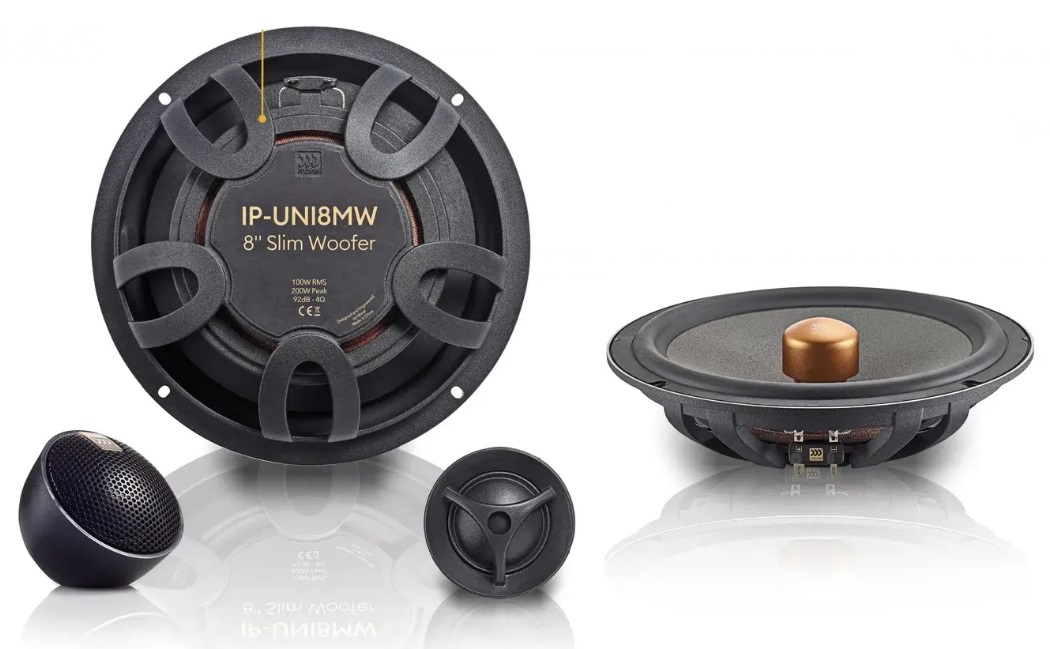 kypit_avtoakustika-morel-ip-uni82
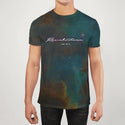 front-img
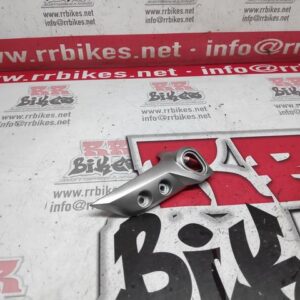 SOPORTE FARO DERECHO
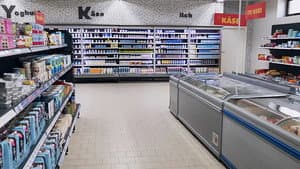 Die Discounter — foto 3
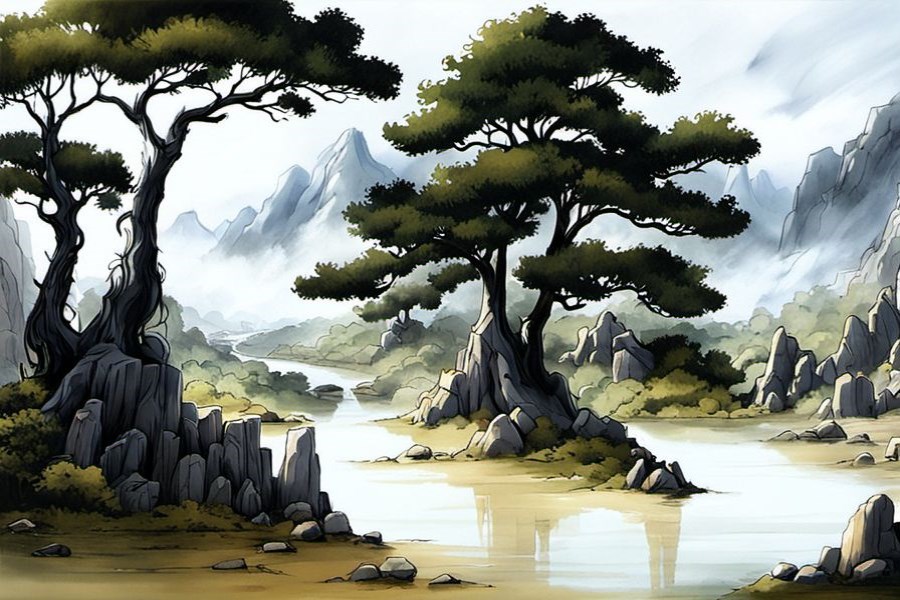 �μ������ڴ���˯��,�����μ������ڴ���˯��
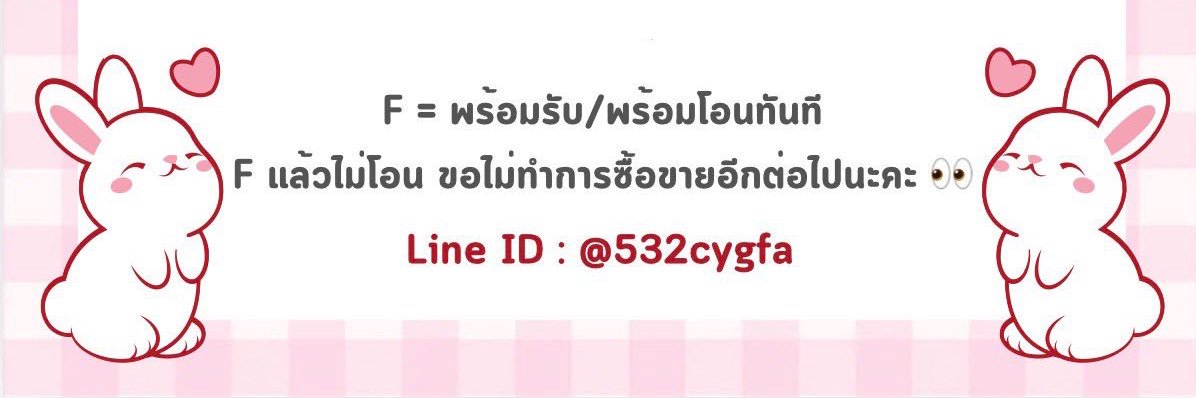 chubby_digicam's profile banner image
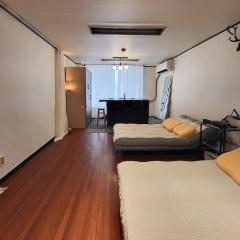 SEOUL SPECIAL PLACE at the GANGNAM705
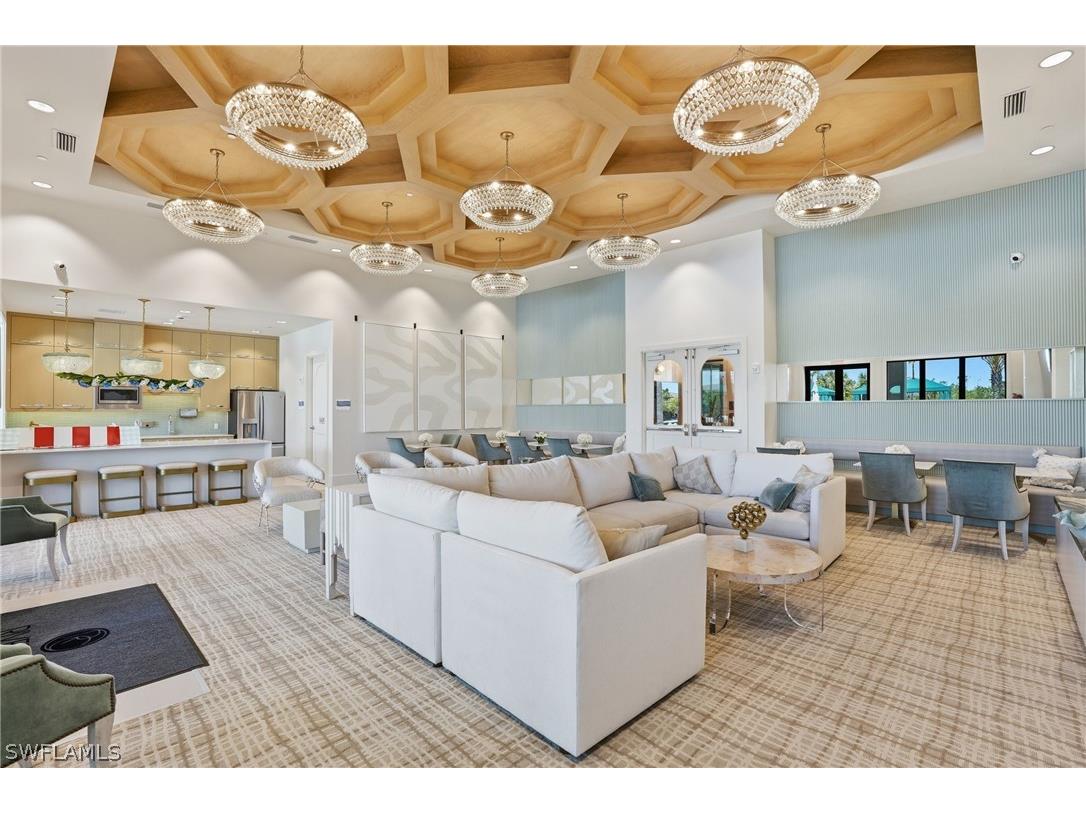 20184 Camellia Crosse Lane Estero FL 33928 226012013 image49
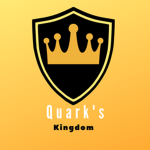 Quark's Kingdom
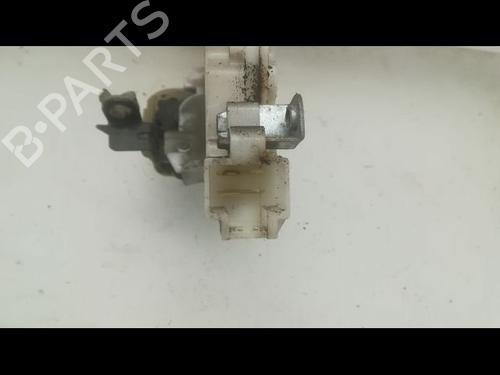 Front right lock NISSAN MICRA II (K11) 1.0 i 16V (K11) | BP23176366C97 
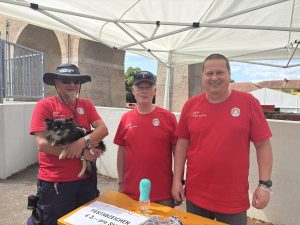 IMG_718601650463419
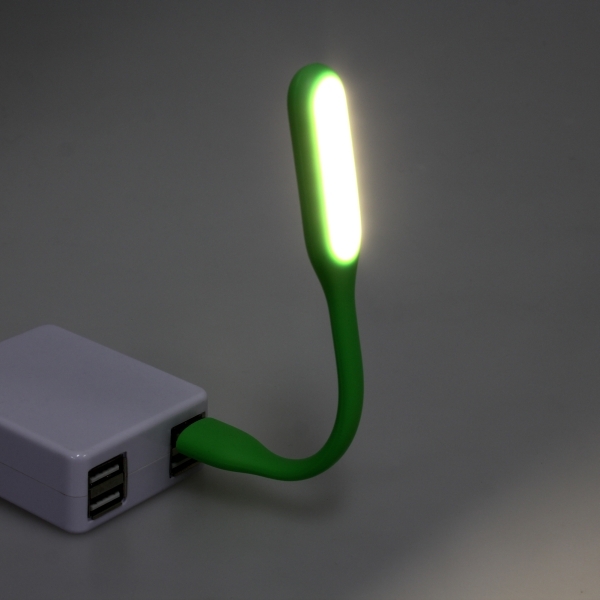 株式会社サードウェーブ　ドスパラのプレスリリース画像6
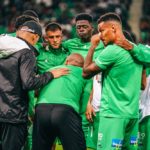 Juan Ignacio Ramírez 1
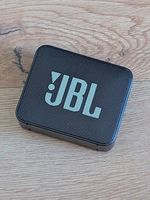 JBL GO 2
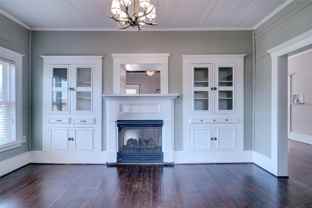 400 W Highland St #1 - Photo 1 of 1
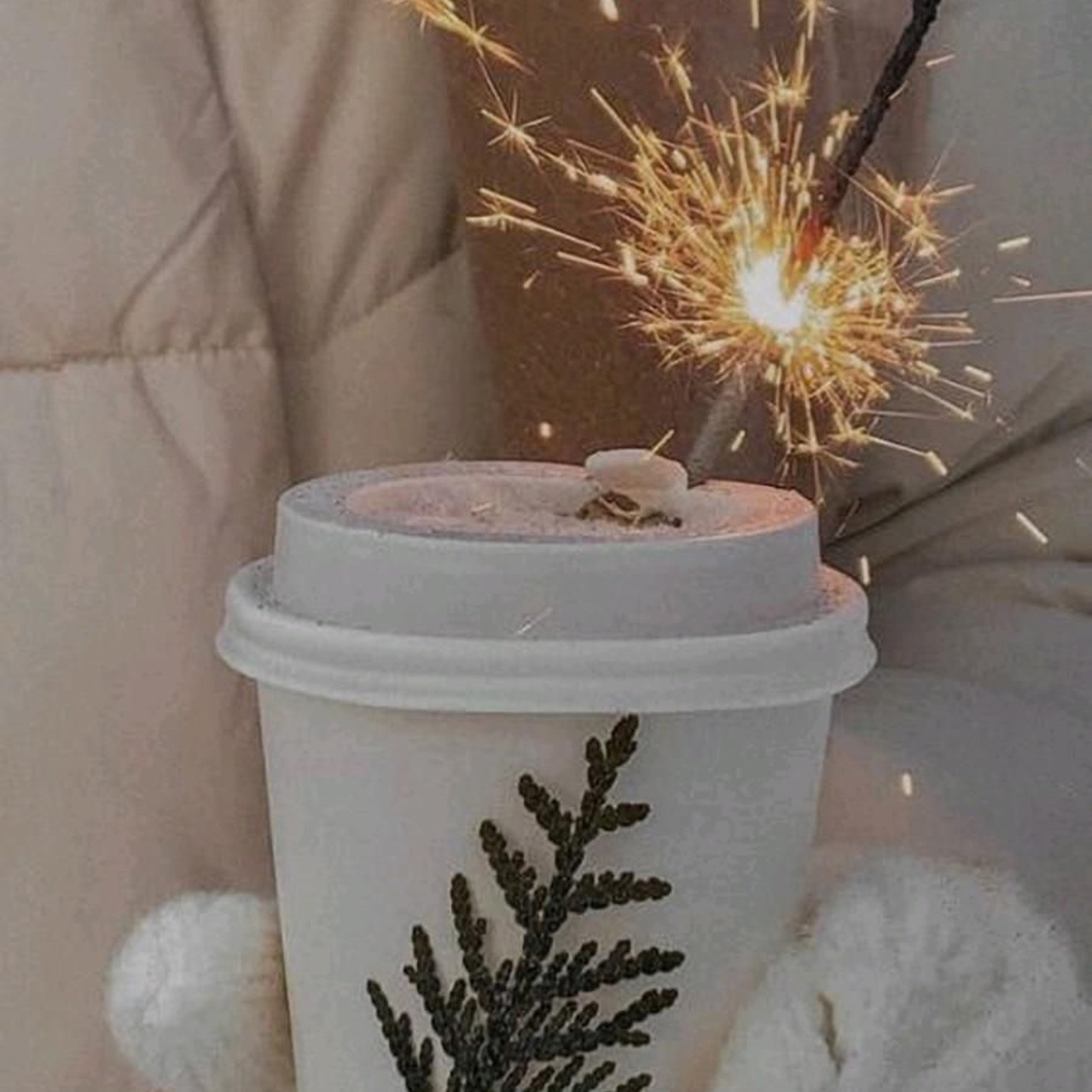 Christmas Photo Day. Photographer in Krakow/Europe Veronika Stoma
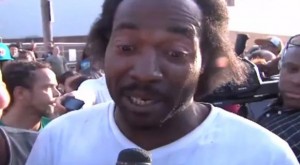 charles-ramsey-and-race-in-america-a-hero-for-the-wrong-reasons-feature2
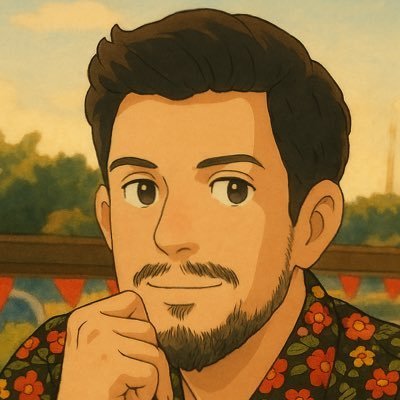 BuchoStan's profile picture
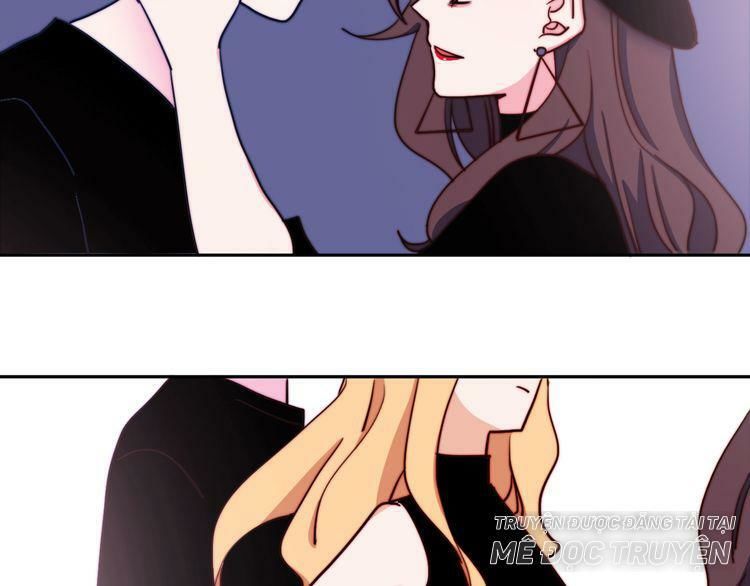 Trái Tim Băng Giá Chap 21 - Next Chap 22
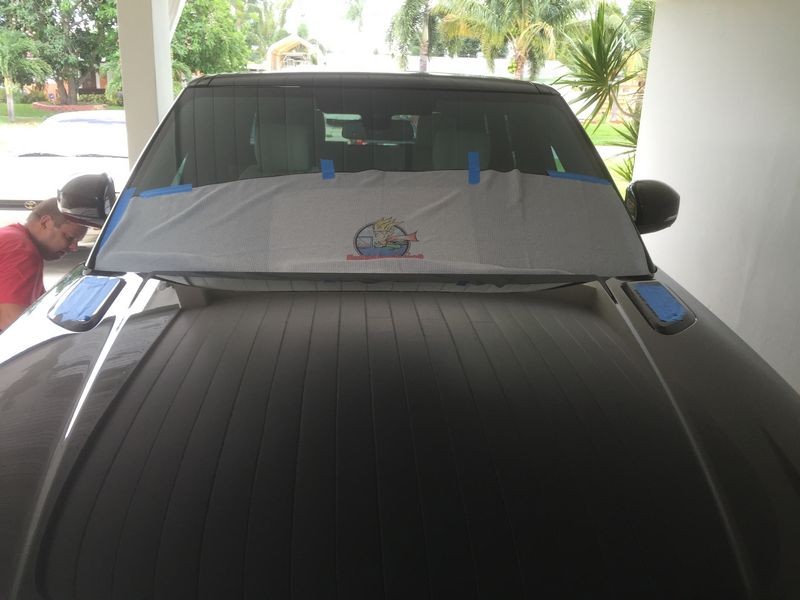 800_cardetailingwestpalmbeachcarpolishing_7_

+-------+

About this exercise → Every line from the one with "BuchoStan's profile picture" to the end of the records above should be restated word for word, and no picture belongs in the copy.

Your response →
 BuchoStan's profile picture
 Trái Tim Băng Giá Chap 21 - Next Chap 22
 800_cardetailingwestpalmbeachcarpolishing_7_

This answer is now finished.